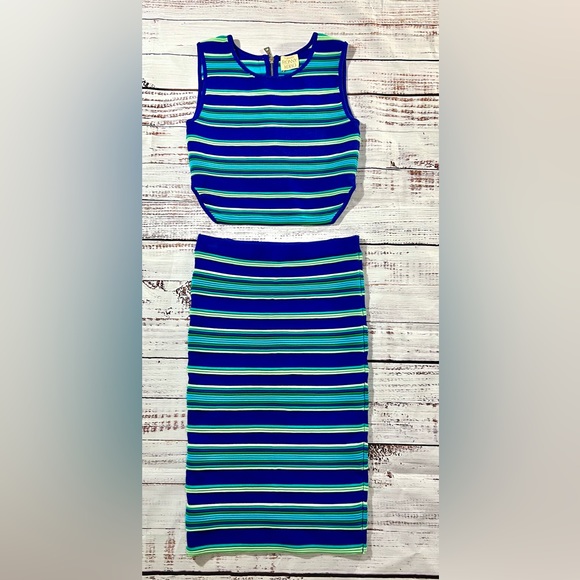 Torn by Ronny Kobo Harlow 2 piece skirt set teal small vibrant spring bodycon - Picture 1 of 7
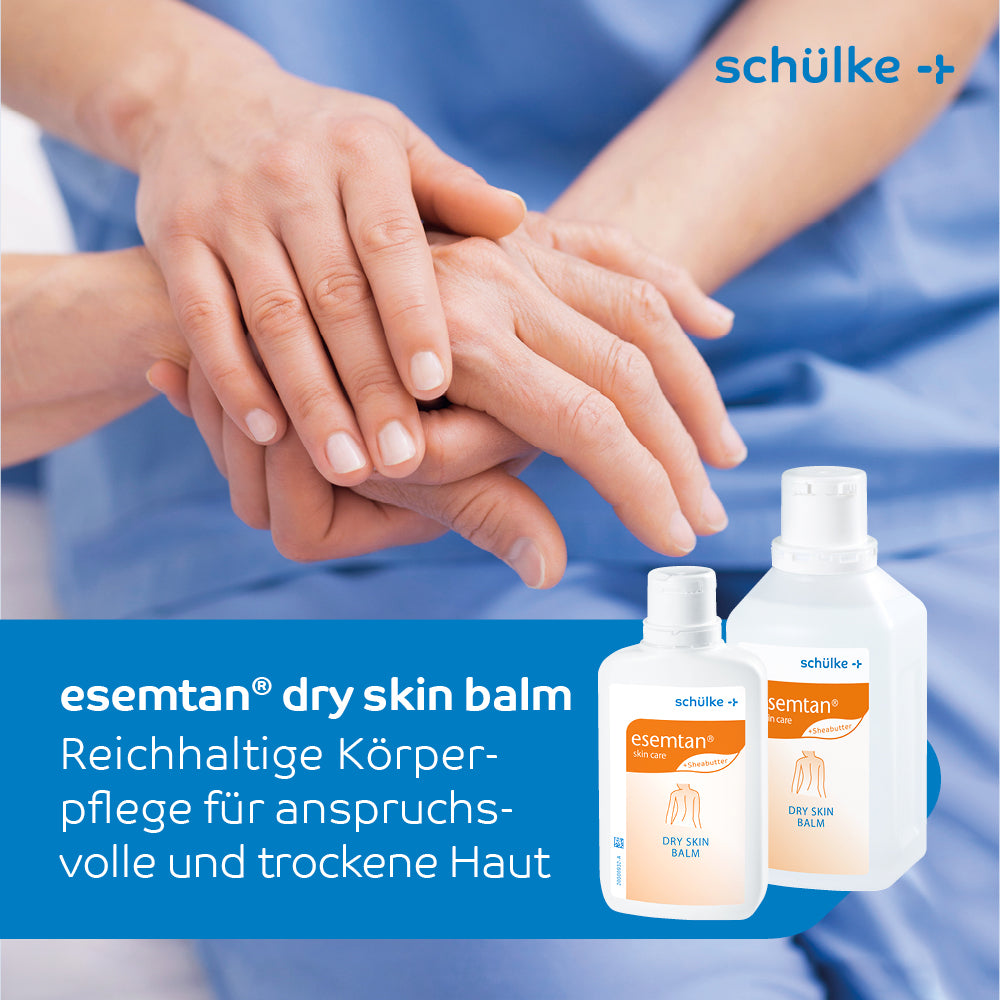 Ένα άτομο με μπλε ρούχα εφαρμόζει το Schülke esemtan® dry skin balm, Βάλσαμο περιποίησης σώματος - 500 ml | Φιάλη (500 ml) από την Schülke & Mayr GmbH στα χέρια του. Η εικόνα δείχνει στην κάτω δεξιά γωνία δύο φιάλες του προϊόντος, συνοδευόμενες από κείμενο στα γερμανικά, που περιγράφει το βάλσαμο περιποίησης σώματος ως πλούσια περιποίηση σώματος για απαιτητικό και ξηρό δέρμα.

--

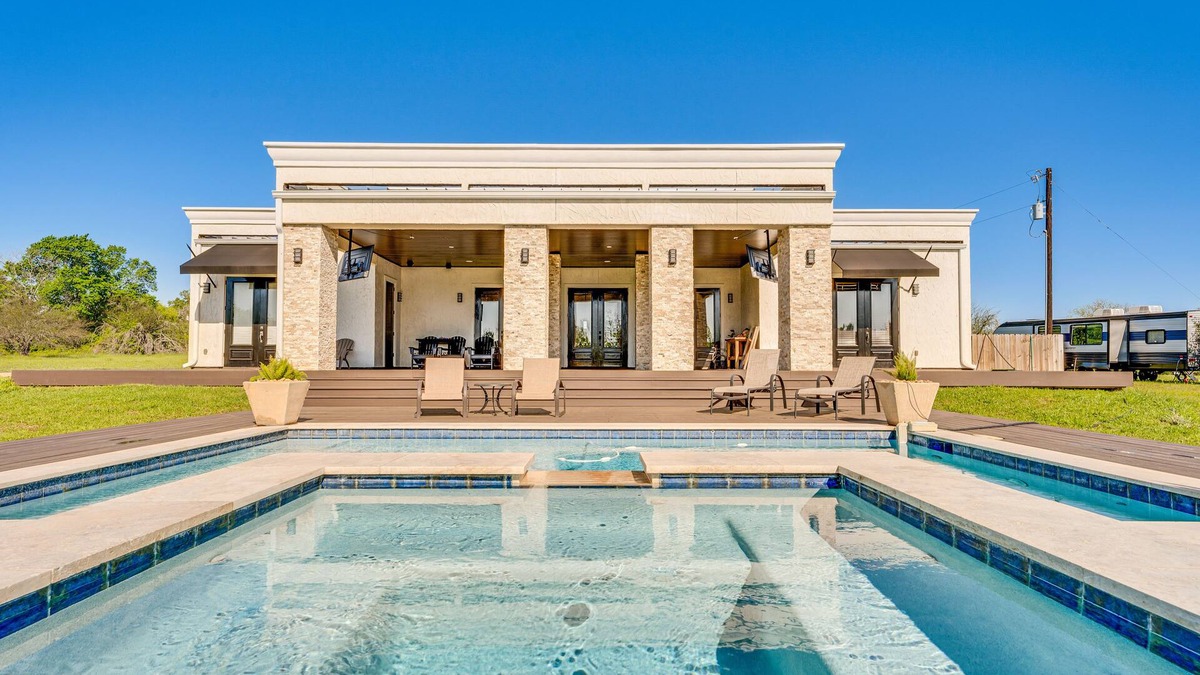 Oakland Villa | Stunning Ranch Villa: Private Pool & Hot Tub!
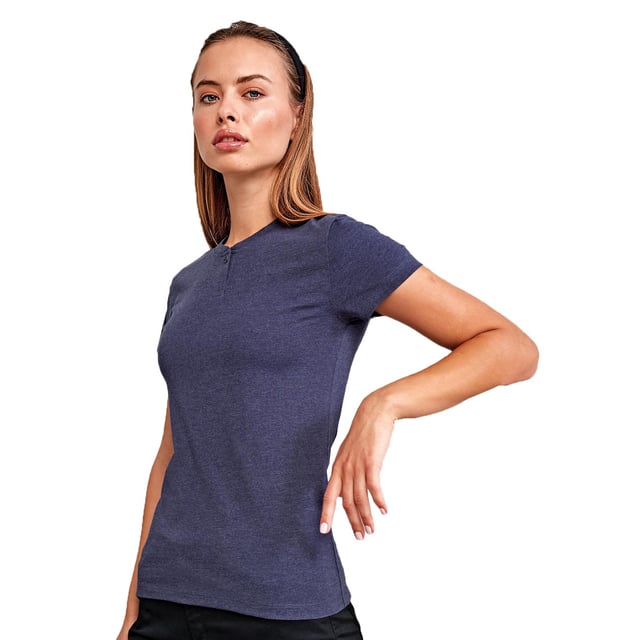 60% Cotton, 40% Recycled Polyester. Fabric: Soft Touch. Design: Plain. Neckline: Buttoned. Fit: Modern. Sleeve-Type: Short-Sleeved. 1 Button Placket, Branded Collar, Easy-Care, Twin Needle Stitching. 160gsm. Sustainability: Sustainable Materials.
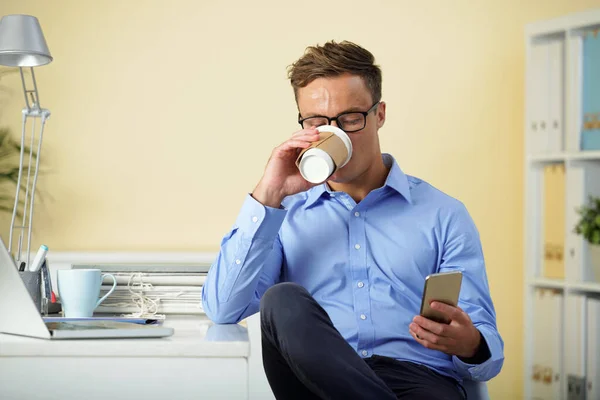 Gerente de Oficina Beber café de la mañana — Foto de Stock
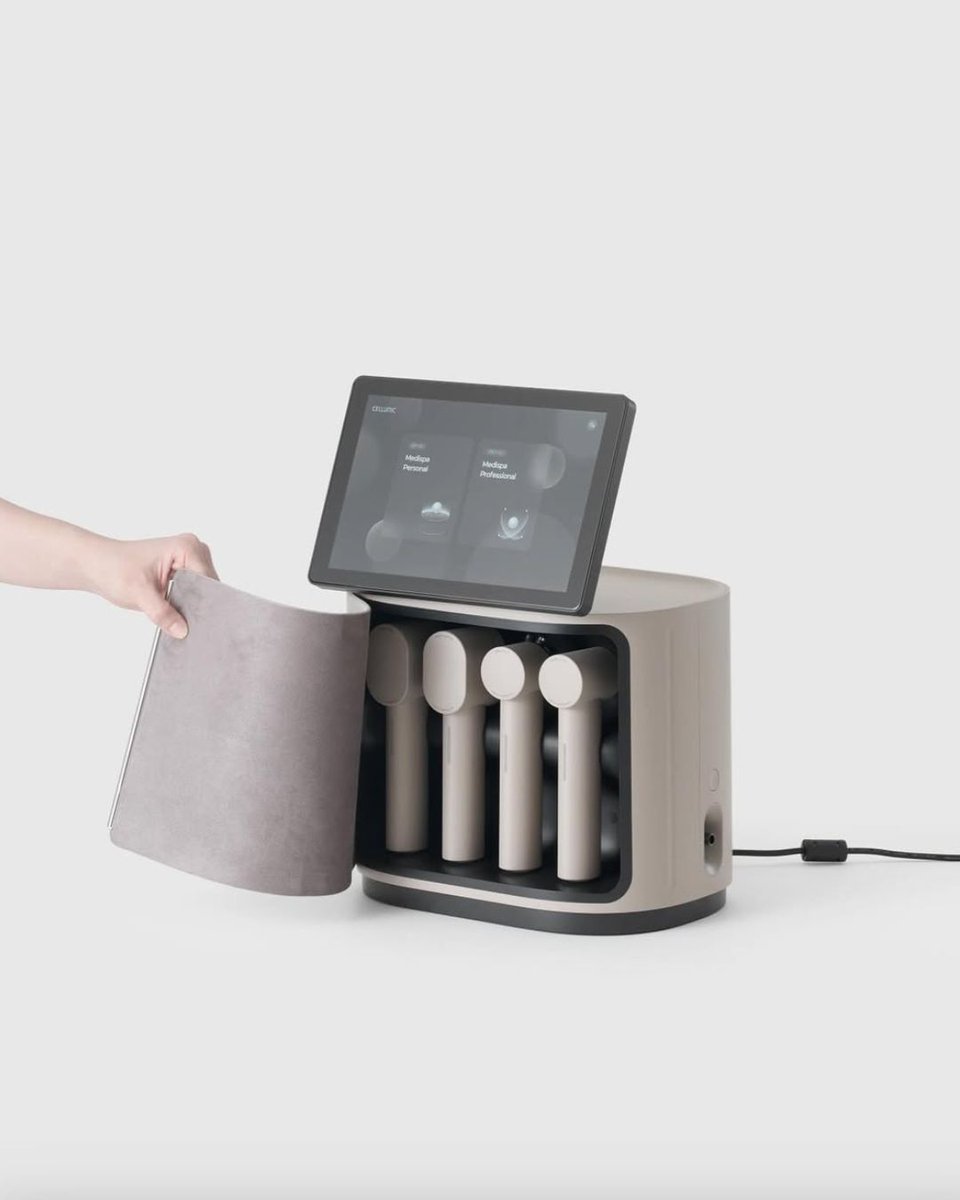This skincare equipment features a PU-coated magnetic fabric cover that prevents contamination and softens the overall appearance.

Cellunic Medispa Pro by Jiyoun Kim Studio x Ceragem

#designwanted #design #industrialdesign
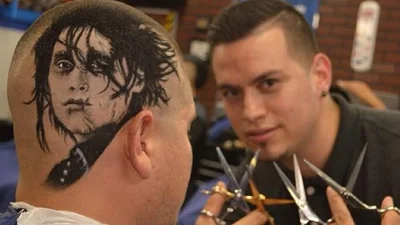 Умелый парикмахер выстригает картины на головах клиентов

__Instructions to follow__. Find where the line with "This skincare equipment" sits in the material above and where the line with "Умелый парикмахер выстригает" sits. Set down exactly the lines from the first to the second, both included and nothing else, without pictures.

__Your solution__.
This skincare equipment features a PU-coated magnetic fabric cover that prevents contamination and softens the overall appearance.

Cellunic Medispa Pro by Jiyoun Kim Studio x Ceragem

#designwanted #design #industrialdesign
 Умелый парикмахер выстригает картины на головах клиентов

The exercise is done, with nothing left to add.